The Films I've Watched This Year #27
Film It's the Commonwealth Games. Just completed watching the Australia vs England pool match which with my miniscule understanding of Netball, I thought would see us slaughtered but ended up being a thrilling match that ended with a fumble from Jo Harten, a goal shooter who until that point had managed to get the ball into the net with great accuracy. But I was out of my seat. I was screaming. I was more excited about this netball group match as I was for the whole of the football World Cup, perhaps because I can see the skill, precision and tactics as the ball's passed with such rapidity across the court in a way which simply doesn't seem as athletic, as kinetic when men are kicking a ball around a pitch. Plus the whole thing is over in an hour or so with useful breaks every fifteen minutes.
Her
The Wolf of Wall Street
20 Feet From Stardom
Violet & Daisy
Her is a difficult film to watch in isolation if you've any idea of its history. Apart from its similarities to Electric Dreams (of which this is, as I suspected, essentially updated homage with Miles in love with the computer rather than his neighbour) but the fact that Samantha Morton, present throughout shooting was replaced with Scarlett Johansson. It's to Spike Jonze's fantasy romance and Johansson's credit that I did eventually manage to largely put this to one side, but there were still moments when I thought, how would Morton have played this? What the Morton line like that Joaquin Phoenix is reacting to here? What did Morton not do that Johansson is? Was it simply that Johansson's the bigger name and they were looking for a wider audience, was this a studio decision?
Presumably I'm not the first to say this, but however heartfelt and entertaining 20 Feet From Stardom is, in no sense should it have beaten The Act of Killing to an oscar. It's oranges and lemons, of course, comparing a premium rate Friday night BBC Four music documentary (where this will surely end up) with a historically rich investigation into the Indonesian genocide, the wrongs done to Darlene Love by Phil Spector barely on the scale to the mass killings by the awful pen portrayed in Oppenheimer's film. But like Secret Voices of Hollywood, in cultural terms this is still an important story as the people that are the aural scaffold of some of our favourite musical moments are finally amplified. Plus it managed to make me think warmly about Sting again for the first time in a while, which is quite an achievement.

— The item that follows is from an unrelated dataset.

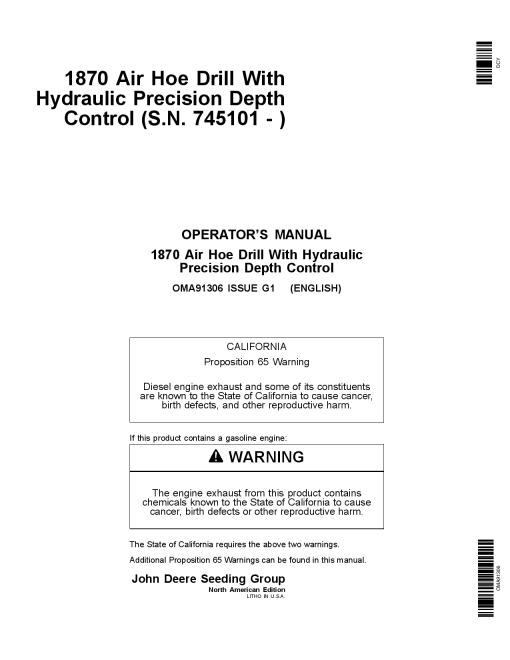 John Deere 1870 Air Hoe Drill North American Edition (745101-750100) OMA91306 Operators and Maintenance Manual PDF Download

Violet & Daisy's been unloved, not granted a theatrical release here, just 23% on Rotten Tomatoes but I do think it's rather better than all that, even if I also think A O Scott's NYT review probably gets the measure of it. Back in the 90s, this is just the sort of low budget, indie piece which appeared on the art house circuit and I'd end up blundering into at The Hyde Park in Leeds for the nine o'clock showing (just £1.50 on a Monday), in which genre characters would play off against each other in limited settings, where the filmmaker isn't trying to say anything especially new or important, especially since he's clearly likes French cinema a lot, but doesn't do anything especially wrong (cf, Living in Oblivion, Denise Calls Up, Mute Witness).

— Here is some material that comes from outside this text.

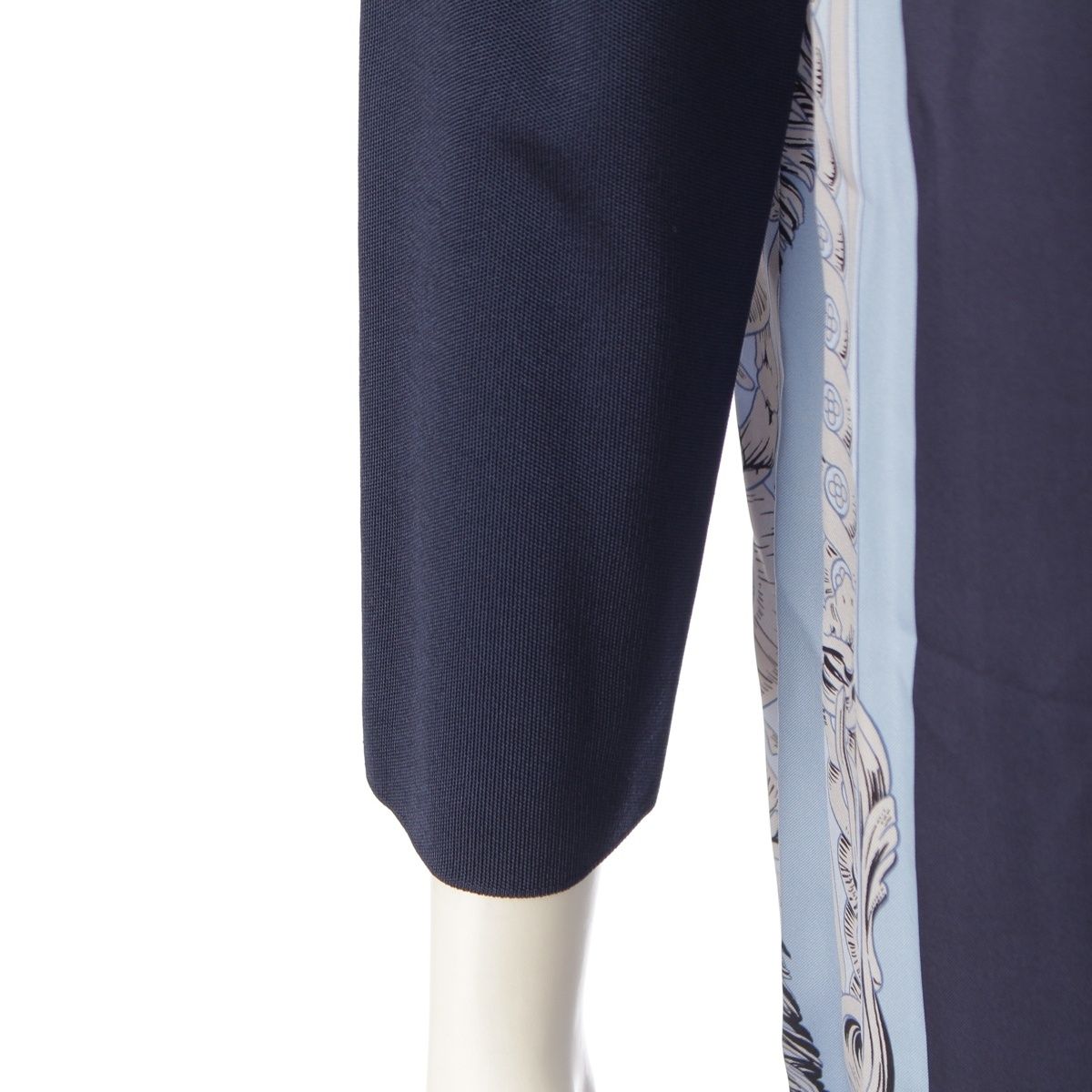Hermes Bride de Cour Silk Twill Lane Long Sleeve Dress Navy 40 — view 6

The advertising didn't really help, throwing together all of the otherwise minimal action sequences even though that's not really the genre its aiming for (and couldn't afford to be if it wanted). There are Tarantino overtones, but to criticise director Geoffrey Fletcher for offering a direct homage to Pulp Fiction almost twenty years after release while venerating Quentin for borrowing extensively from John Woo early in his career simply isn't unfair. Plus in exploitation terms having Rory Gilmore and pre-Hanna Saoirse Ronan as hitgirls facing off Tony Soprano is bang on. Orphan Black fans might also like to know this features an early appearance for Tatiana Maslany in which she doesn't have anything much to do but does it very well. My film of the week.